Fifty-six percent (185 of the 333 respondents) indicated that their college uses a screening tool to identify students with alcohol problems (see Figure 1). Among the 333, we further identified these subgroups (also provided in Figure 1): 14 (4%) said that they used a tool but did not provide any additional information; 148 (44%) reported use of at least 1 identifiable, formal screening tool (see Table 1 for list of these 12 tools); 12 (4%) reported use of only an in-house screening tool; 4 (1%) reported use of only a comprehensive drug abuse assessment tool; and 7 (2%) specified either a tool that was not recognized or was not an assessment tool (eg, a brief intervention program). Among the 148 colleges reporting use of an identifiable and formal screening tool, 47 (32%; based on these 148 colleges) indicated that they also used a comprehensive drug abuse assessment tool.

FIGURE 1.

FIGURE 1

Use of screening tools across full sample of colleges (N = 333). Comprehensive refers to a diagnostic-based or multiproblem assessment (Diagnostic Interview Schedule, Addiction Severity Index, or Structured Clinical Interview for DSM-IV); Not applicable refers to nonscreening tool or a response that was not recognizable.

TABLE 1.

Frequencies and Ratings of Formal Alcohol Screening Tools Among Colleges That Reported They Used a Formal Screening Tool (n = 148).
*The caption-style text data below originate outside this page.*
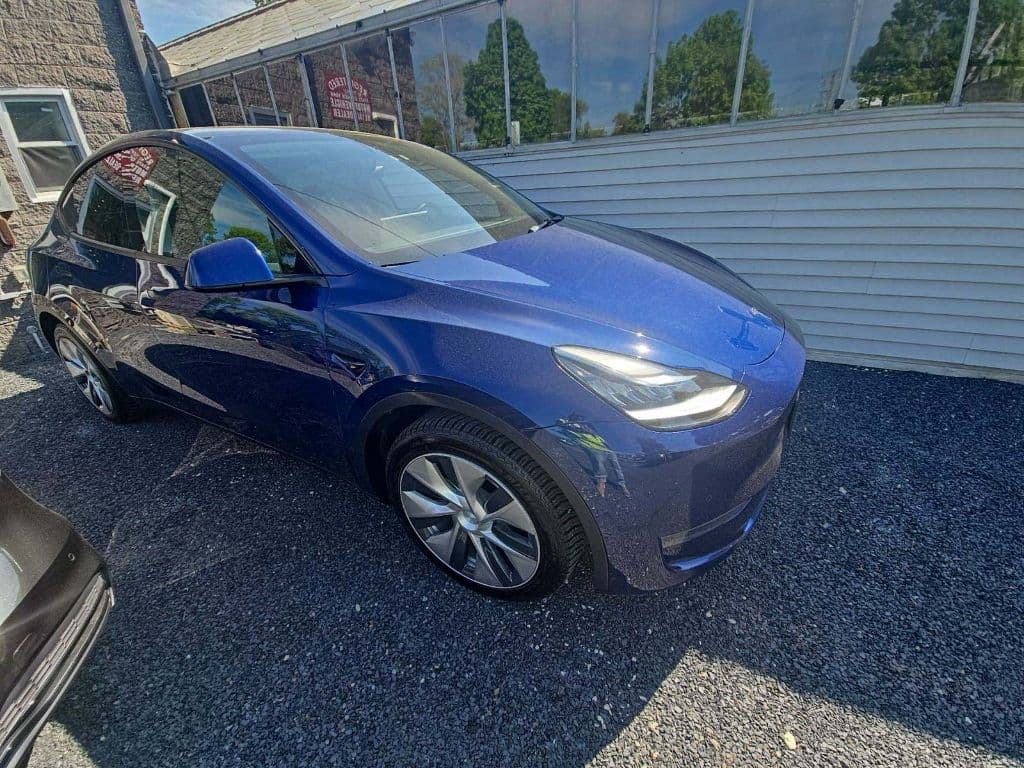 2021 Tesla Model Y view 4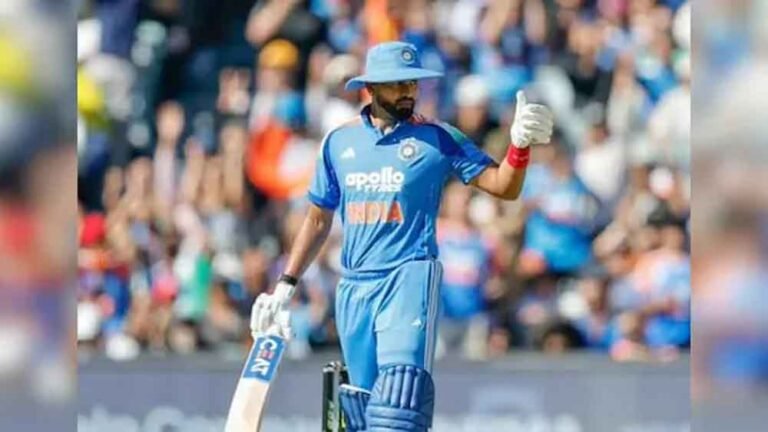 श्रेयस अय्यर के निशाने पर धवन का रिकॉर्ड, दूसरे वनडे में बन सकते हैं नया कीर्तिमान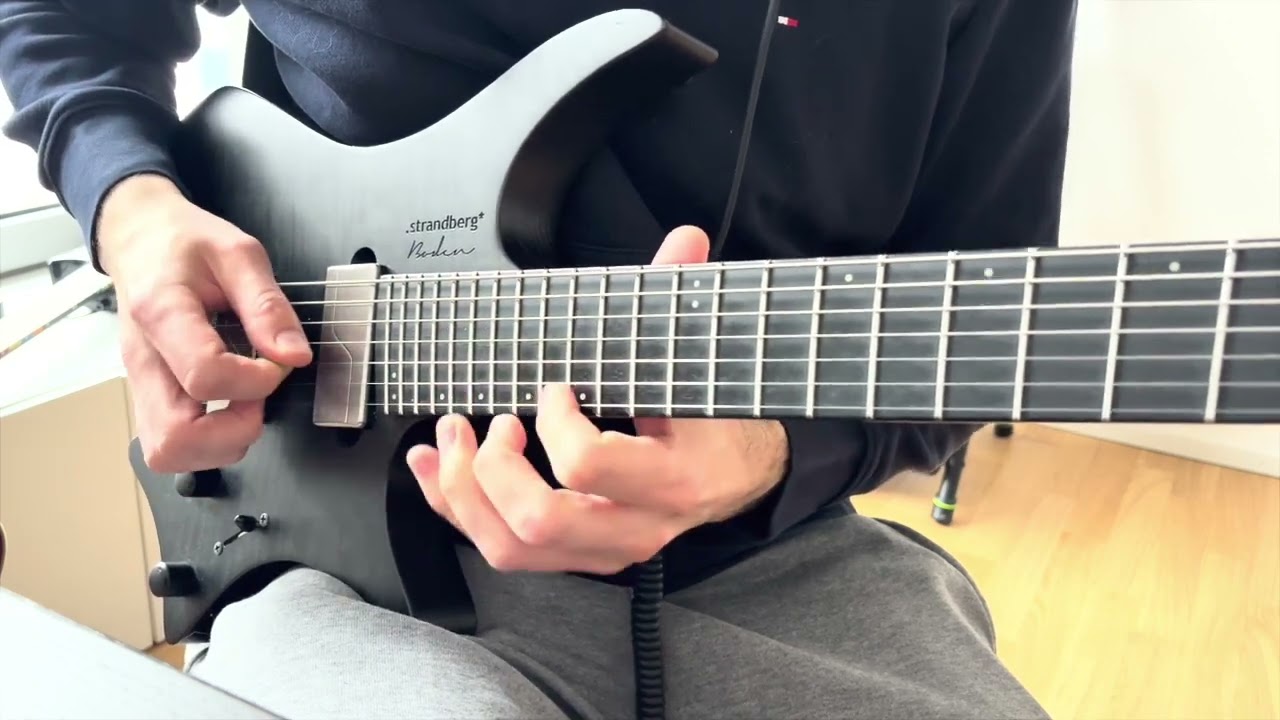 Roberto Barlocci playing Fichtl's Lied by Die Woodys on guitar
Screening tool Colleges n (%)a Psychometrically evaluated in
college sample?
Comparative evaluation
favorable?b
Recommendedc
CAGE 100 (68) Yes No
AUDIT 61 (41) Yes Yes
SASSI 52 (35) Yes No
MAST 29 (20) Yes No
CRAFFT 13 (9) Nod Yes
CUGE 8 (5) Yes Yes
PESQ 8 (5) Yes No
GAIN-Screen 3 (2) No No
RAPI 3 (2) Yes No
DAST 2 (1) No No
CAPS 2 (1) Yes Yes
RAPS 1 (1) Yes Yes
a

Percentages based on 148 (of 333) 4-year colleges that reported their college used a formal screening tool. Order of screening tools based on reported frequency.

b

Yes = empirically compared to at least 1 other tool and at least 1 study showed the tool to be psychometrically more favorable than the other tool(s).

c

Those checked as “recommended” based on the tool having been both psychometrically tested in a college sample and faired well in a comparative evaluation.

d

The CRAFFT has been evaluated among older adolescents (18- to 20-year-olds) treated in Emergency Departments (Kelly et al, 2009).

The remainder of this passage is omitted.